▶ _TASK_: Please set down, unchanged, each line from the one with "PIANO PEQUEÑO PRINCIPIANTE ELEMENTAL B" to the final line of the data below, both included. Drop the pictures.

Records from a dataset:
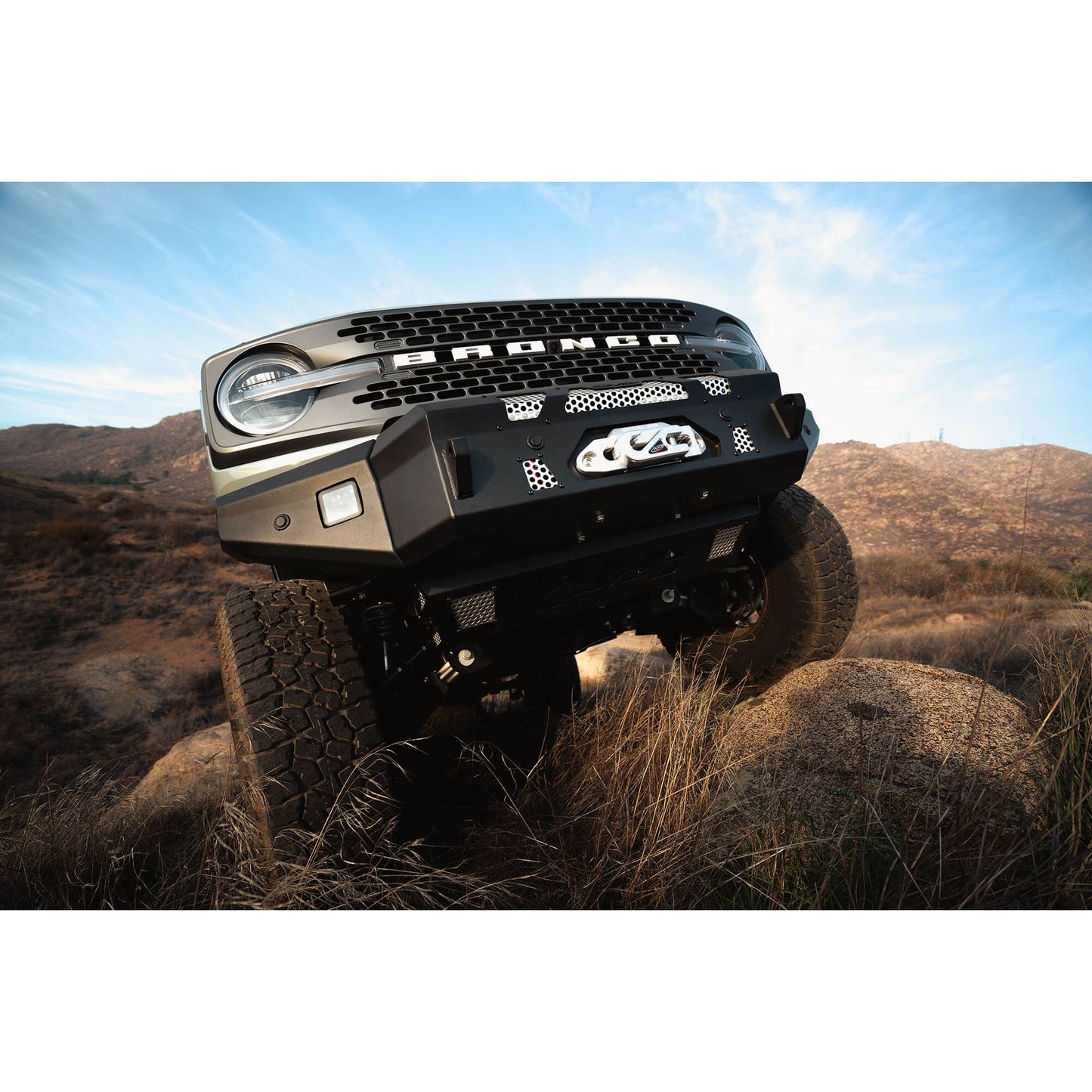 DV8 Off-Road 2021-2024 Ford Bronco | Steel Front Skid Plate C3| SPBR-01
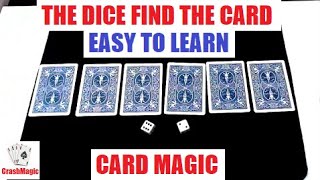 The Two Dice Location Card Trick Performance and Tutorial
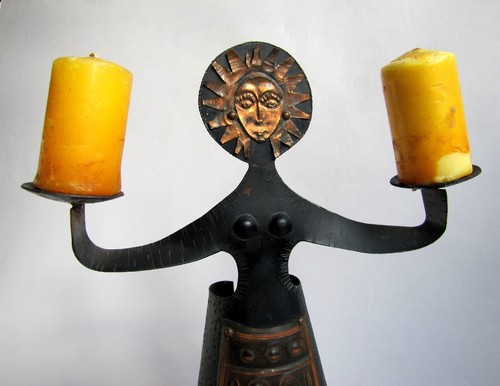 Bougeoir femme visage soleil - femme,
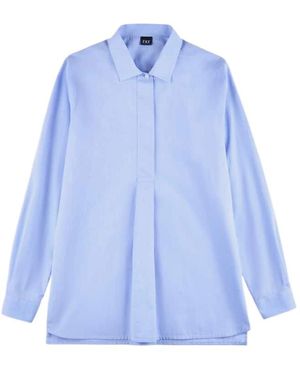 Fay Classic Collar Long-Sleeve Shirt - Blue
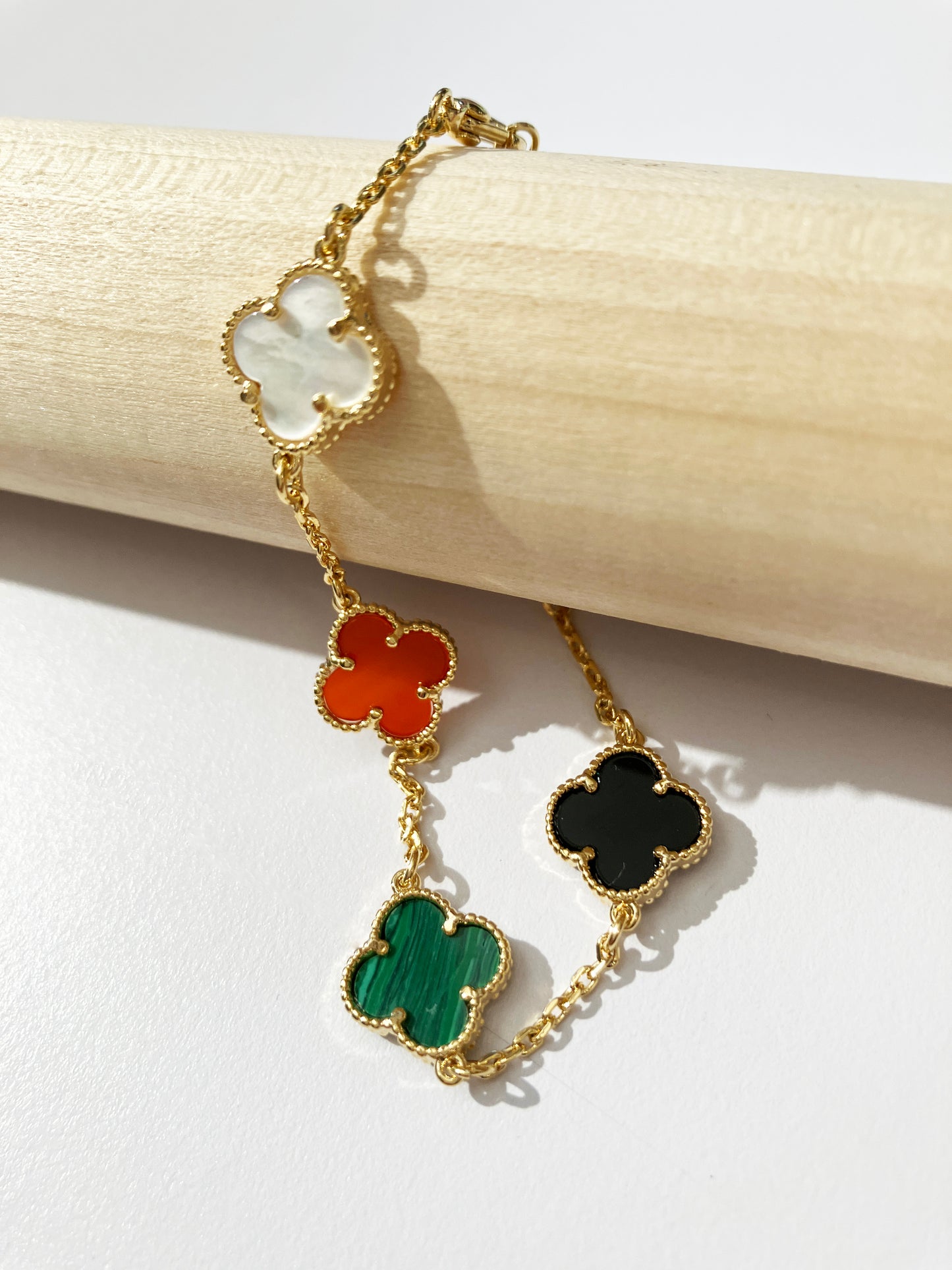 Onyx Butterfly Stud Earrings in Gold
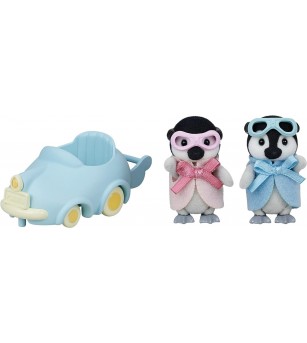 Figurine Sylvanian Families 5695 - Gemenii Pinguin - Figurine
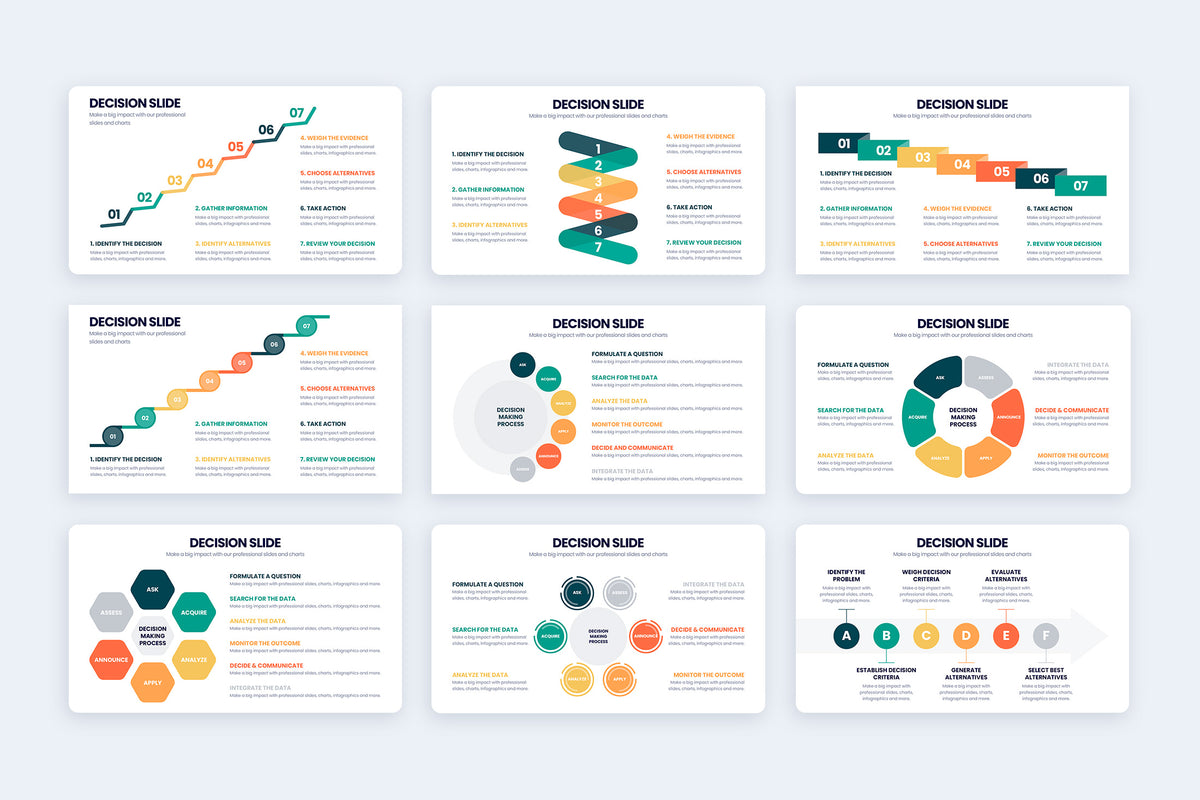 Decisions Google Slides Infographic Template
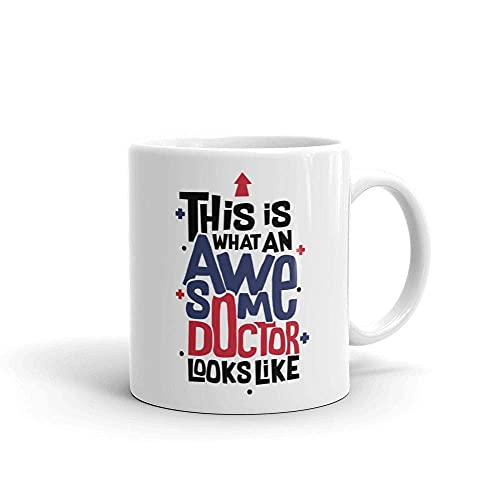 Oye Happy Ceramic Awesome Doctor Microwavable Coffee Mug (Multicolour, 330 ml) - Image 2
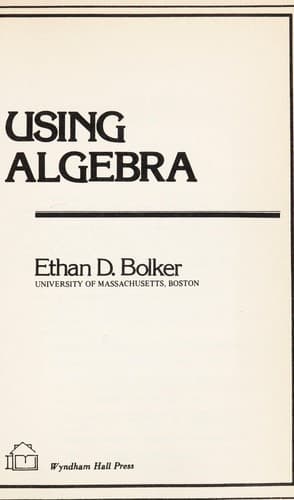 Tapa de Using algebra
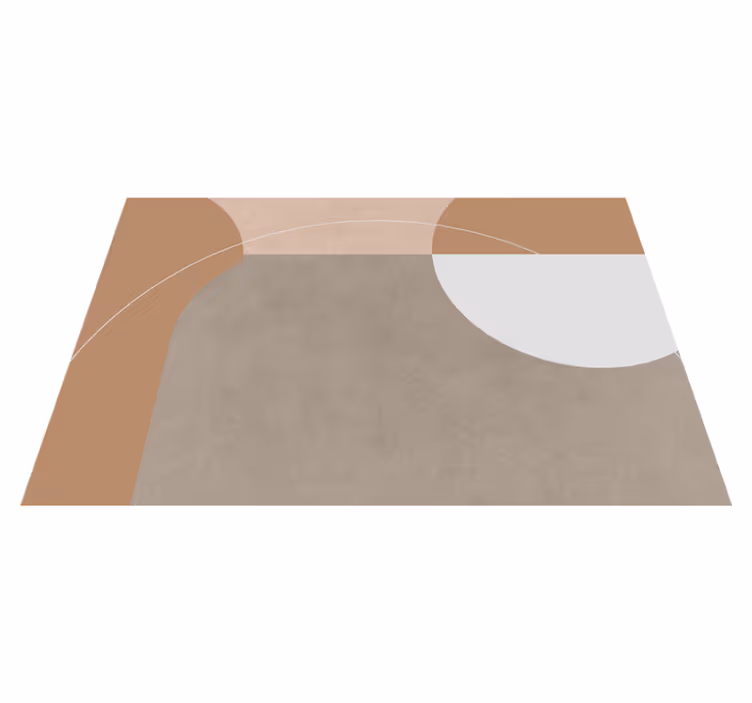 Moderne placemat stijlvolle minimalistische ondergrond - TenStickers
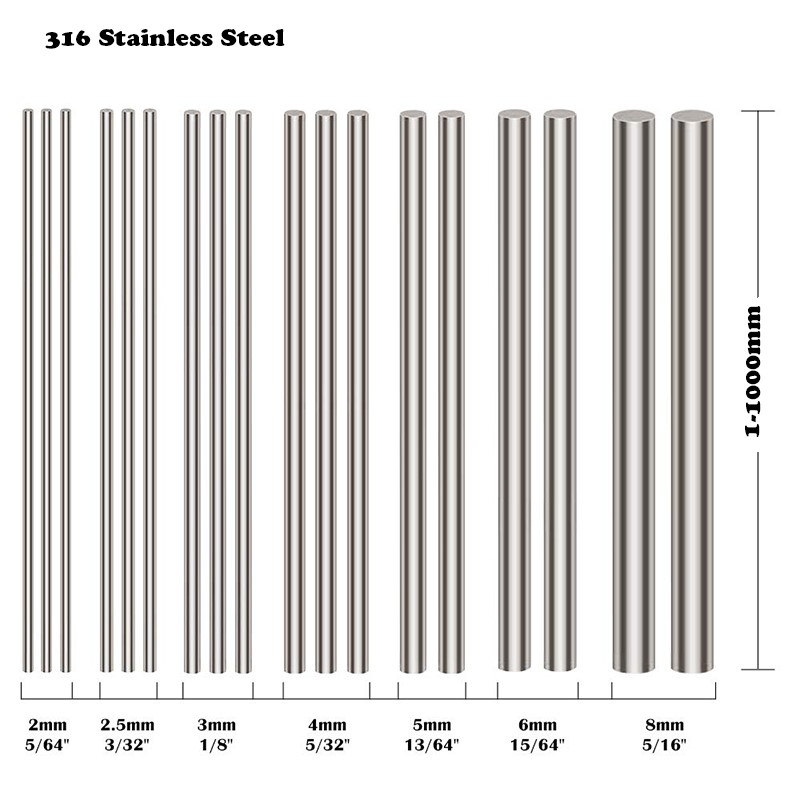 1Pcs 316 SS 6mm 8mm 10mm 12 16 - đánh giá và giá Linear Rod 8Mm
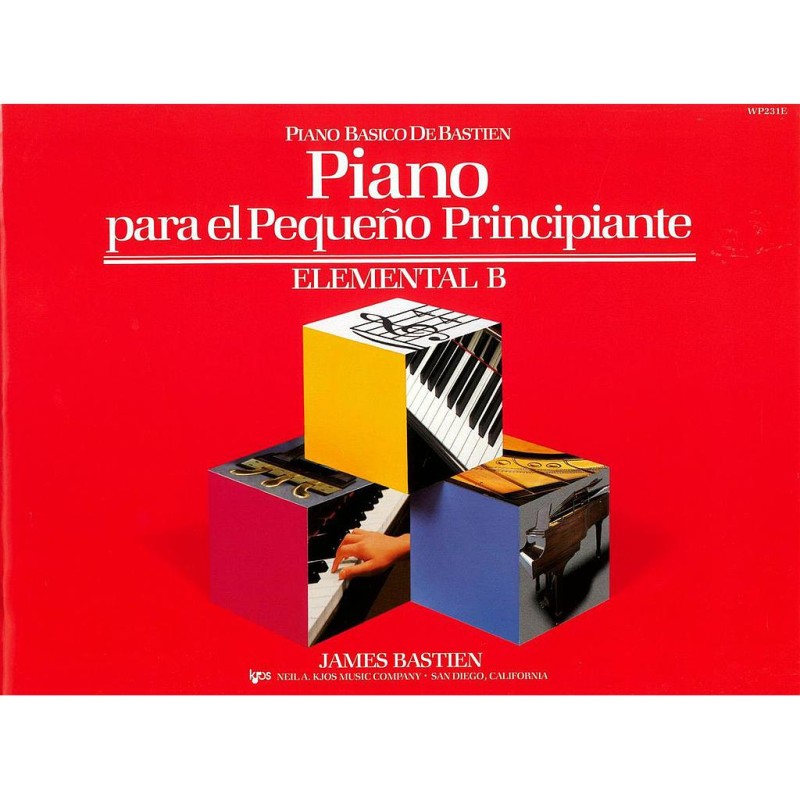 PIANO PEQUEÑO PRINCIPIANTE ELEMENTAL B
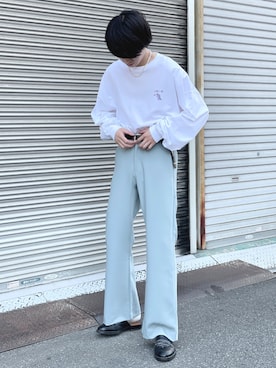 「ASTRAL（アストラル）のアイテム」を使った、がーさん（メンズ・177cm）の春コーディネート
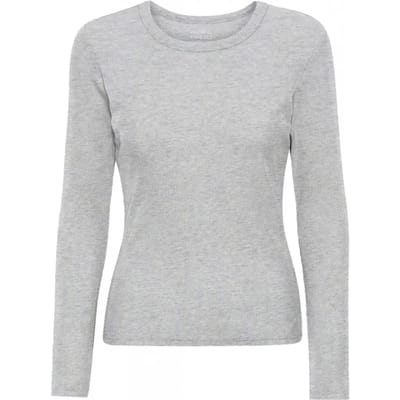 Geribd dames-T-shirt met lange mouwen Colorful Standard Organic heather grey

▶ _RESULT_:
 PIANO PEQUEÑO PRINCIPIANTE ELEMENTAL B
 「ASTRAL（アストラル）のアイテム」を使った、がーさん（メンズ・177cm）の春コーディネート
 Geribd dames-T-shirt met lange mouwen Colorful Standard Organic heather grey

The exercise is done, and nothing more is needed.